Dave MacPherson may have been the first paying guest at Disneyland when the theme park opened its gates 50 years ago, but he didn't even have time for one ride. In a hurry to get back to campus for a college class, he instead visited a restroom after spending hours in line and left without as much as a souvenir.
Dave MacPherson is shown in Monticello, Utah, on July 12, 2005, in this photo provided by his wife, Wanda Mcpherson.
Still, the honor of being the first paid admission came with a special perk: a lifetime pass for four to Disneyland and other Disney parks as they opened.

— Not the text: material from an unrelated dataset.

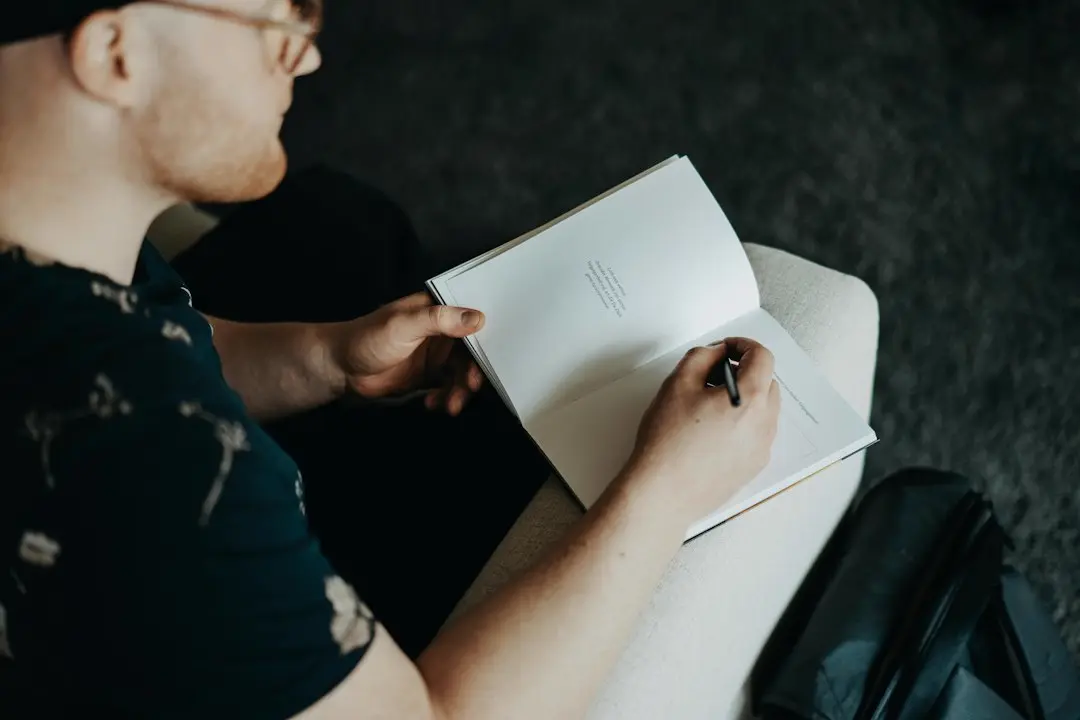 ノートに次の一歩を書き出すフリーランス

"I was the most popular guy at the college," said MacPherson, now 72, a retired journalist living in Monticello, Utah, about 240 miles southeast of Salt Lake City.
He's taken full advantage of it scores of times, especially when he lived in California. Usage dwindled after he moved to Kansas City, Mo., to work for newspapers and radio.
But being closer to California has made it more useful, and he last made the trip a year ago with his wife, Wanda. He receives a VIP renewal every January.
In 1955, MacPherson was watching televised coverage of the opening of Disneyland for the media and invited guests on July 17, 1955, a day before the park opened to the public.
"I said, 'Boy, I sure would like to go out there,'" said MacPherson, who figured he might draw a prize for standing first in line.
He drove his Simplex motorbike to Anaheim, arriving shortly before 1 a.m. to take his place in line an hour before anyone else showed up.
The crowd steadily grew overnight to about 6,000 people, and MacPherson made sure no one got in front of him. When the admission booth opened, a photographer for the Long Beach Press-Telegram captured him buying the first ticket.
Looking at the photo years later, he realized he had his own camera but didn't use it.
"Why didn't I shoot some pictures?" he wonders. "I even forgot to ask Walt (Disney) for his autograph. I must have been balmy or something after staying up all night."